Sunday, May 29, 2005

Tessa Jowell's personal civil servant

May readers will be aware that Culture Secretary Tessa Jowell's hubby has been accused of tax evasion in Italy. The full story is here if you haven't heard it before.

Now Tessa is admirably standing by her man, and one can only applaud this sort of loyalty. However our Tess has now apparently got one of the mandarins at the Department for Culture, Media and Sport working on PR relating to the case on behalf of her hubby. As Theresa May has pointed out this contravenes the ministerial code of ethics. My prediction: it will be found to be an oversight and no further action will be taken.

The story is from Media Guardian (registration required) via Abolish the TV licence. It's reproduced in full below.

Culture secretary Tessa Jowell today found herself at the centre of a row over cabinet ethics after one of her civil servants released a press statement on behalf of her husband.

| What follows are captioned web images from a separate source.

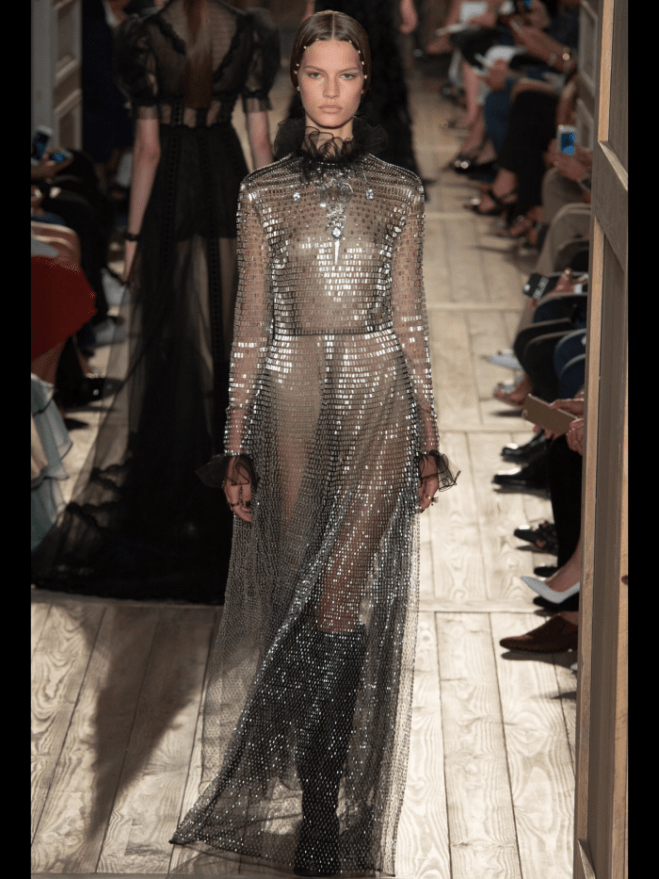 Valentino Haute Couture Fall 2016, photo courtesy Vogue Runway app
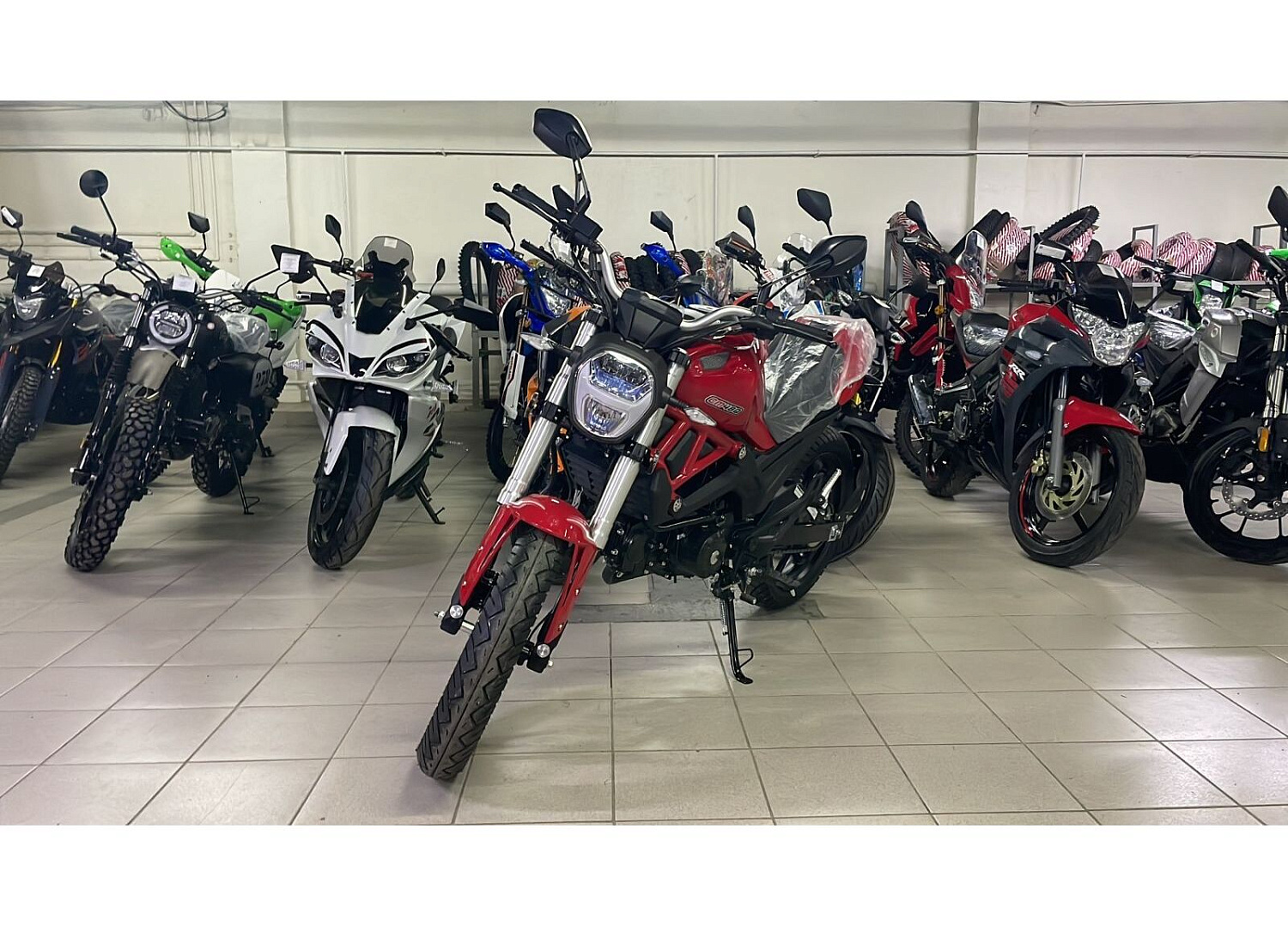 Мотоцикл VMC Monster - 250сс (replica Ducati Monster), дисковый тормоз, баланс. вал. в Новошахтинске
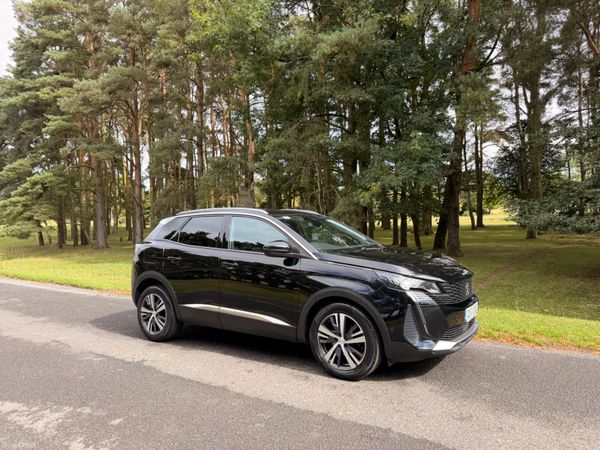 Peugeot 3008 MPV, Petrol, 2022, Black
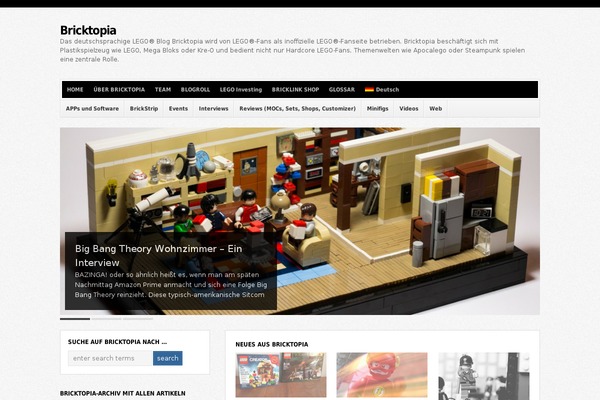 Wp Bold110 theme site design template sample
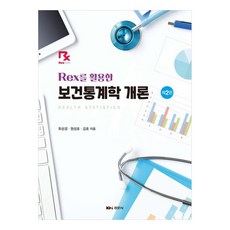 Kyungmoonsa 使用 Rex 進行健康統計簡介，第二版, 慶文寺, Seong-Kyung Choi、Seong-Ho Won、Ho-Kim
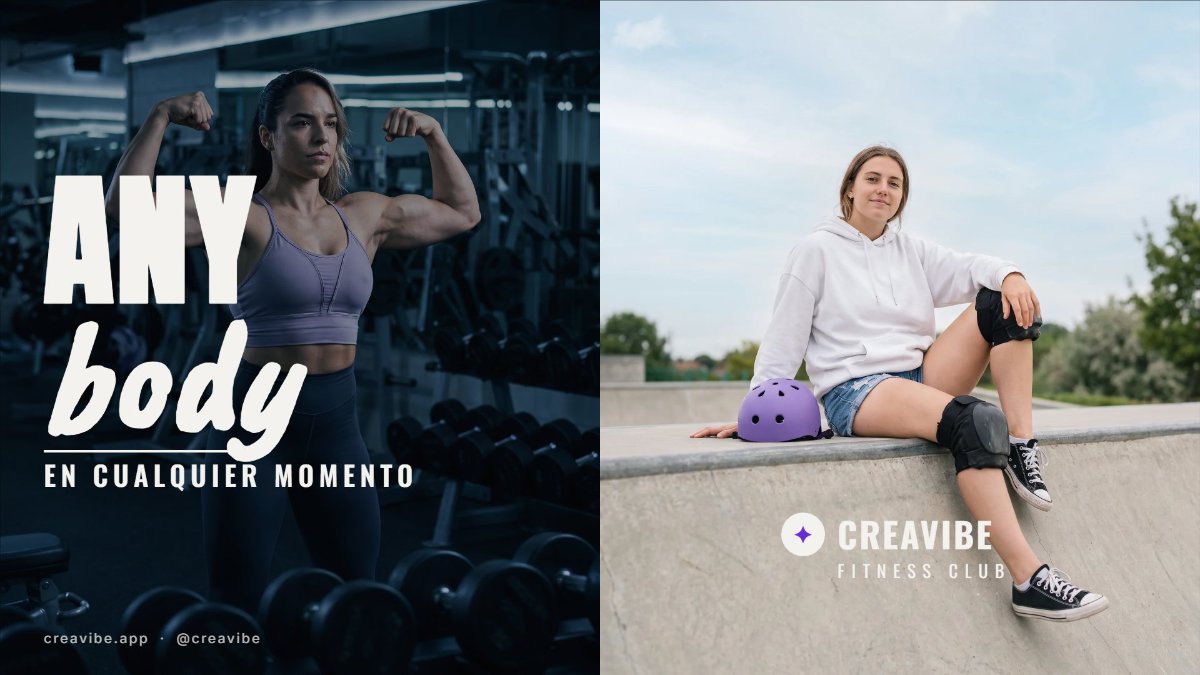 Cualquier cuerpo, cualquier momento — Gimnasio
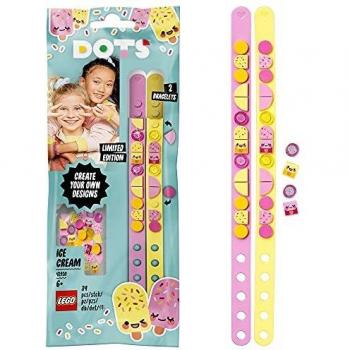 Lego DOTS Pulseras Amigas y Helados 41910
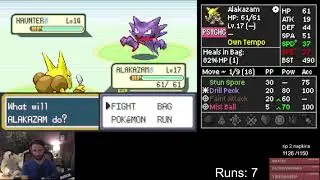 My Best Kaizo Ironmon Run (Lucky #7)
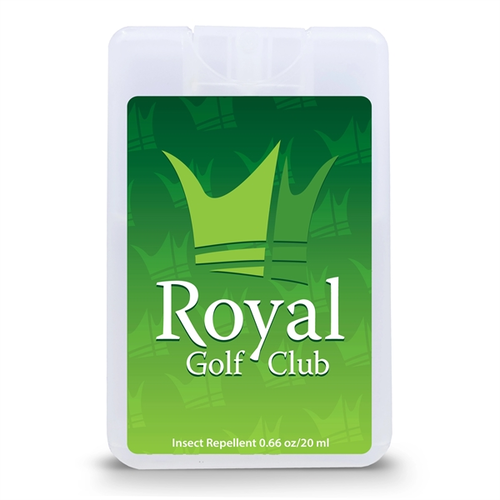 Main photo of Credit Card Style Natural Insect Repellent Spray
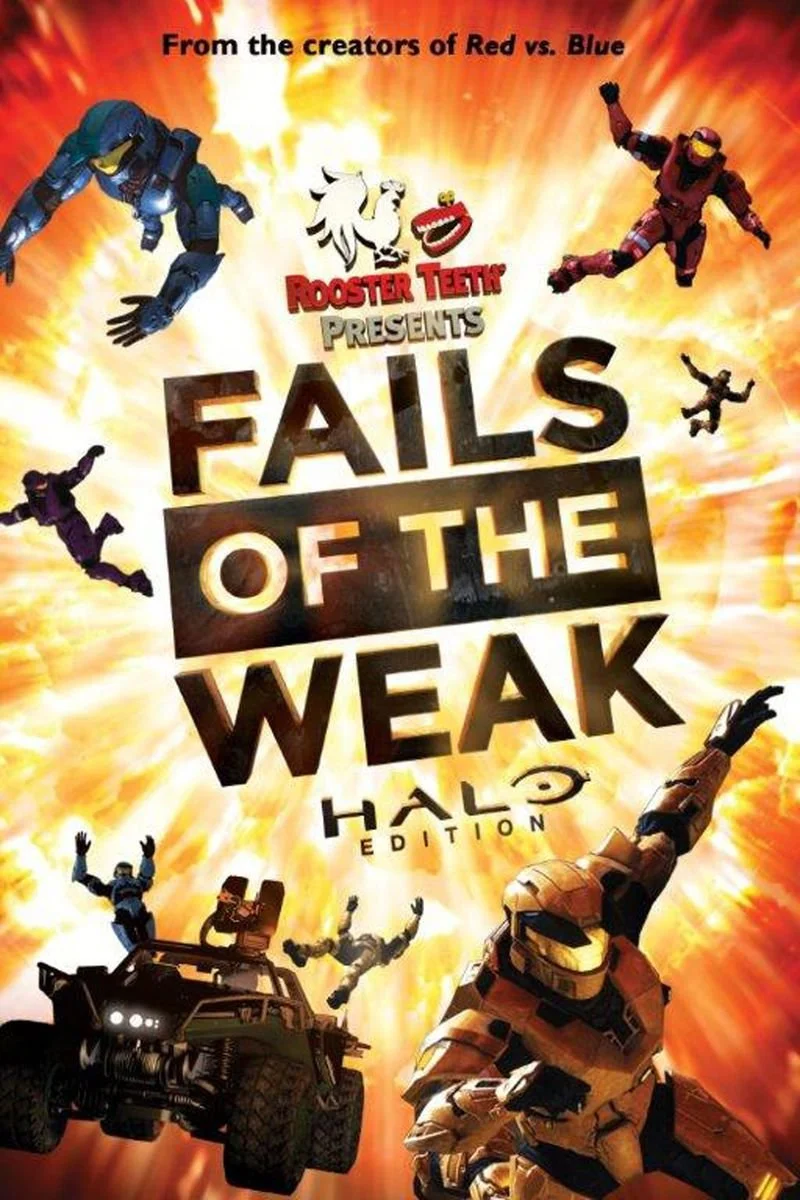 Affiche de Fails of the Weak: Halo Edition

Paddy Feeny, the news and communications chief at the Department for Culture, Media and Sport, emailed a statement to the London Evening Standard from Ms Jowell's husband, David Mills, about allegations of corruption he is facing in an Italian court.

Senior Conservatives claimed the email broke the ministerial code, which states that ministers' public duties must not conflict with their private interests, and bans politicians from using civil servants to do their personal work.

"It is clear that Mrs Jowell's head of news has acted on behalf of her husband in putting out this statement," said the shadow culture secretary, Theresa May.

"This statement concerns ongoing legal proceedings, and should certainly not have been handled by the civil service. It is difficult to believe that a powerful and high profile international lawyer would not have had access to a facility to put out such a statement."

Mr Feeny emailed a statement to the Evening Standard after it ran a story about Mr Mills, an international corporate lawyer who is facing charges of tax fraud and money laundering as part of an investigation into the Italian premier, Silvio Berlusconi.

Mr Mills has vigorously denied the allegations, describing them as "unjust", adding, "I know absolutely I've nothing wrong".

Today Mr Feeny said neither Ms Jowell nor her husband had asked him to send the statement and that he had never worked for Mr Mills or briefed anyone on his behalf.

"The Standard ran a story and Mr Mills had a statement he wanted to go out," Mr Feeny told the Daily Mail.

"I rang the Standard and asked whether they would like somebody to dictate it. They said they wanted it by email. This was a personal statement by Mr Mills. I have never acted as his spokesman, his media adviser or in any other capacity."

The ministerial code was at the centre of allegations last year about David Blunkett's relationship with Kimberly Fortier.

Several civil servants were later reprimanded for getting involved in the former home secretary's private dispute.

Ms May said she would be "asking urgent questions in the House in order to obtain a fuller picture over what has actually gone on".

"The rules governing the conduct of ministers' staff are very clear. Civil servants should not act in personal or private matters, and this was reiterated to all ministers and staff following the David Blunkett incident recently," she said in a statement.

"Yet again, it appears that the ministerial code has simply been ignored. I will be writing to the cabinet secretary, and to the permanent secretary for the Department for Culture, Media and Sport to demand a full and thorough investigation of events. It is essential that this government does not call in to question the independence and impartiality of the civil service."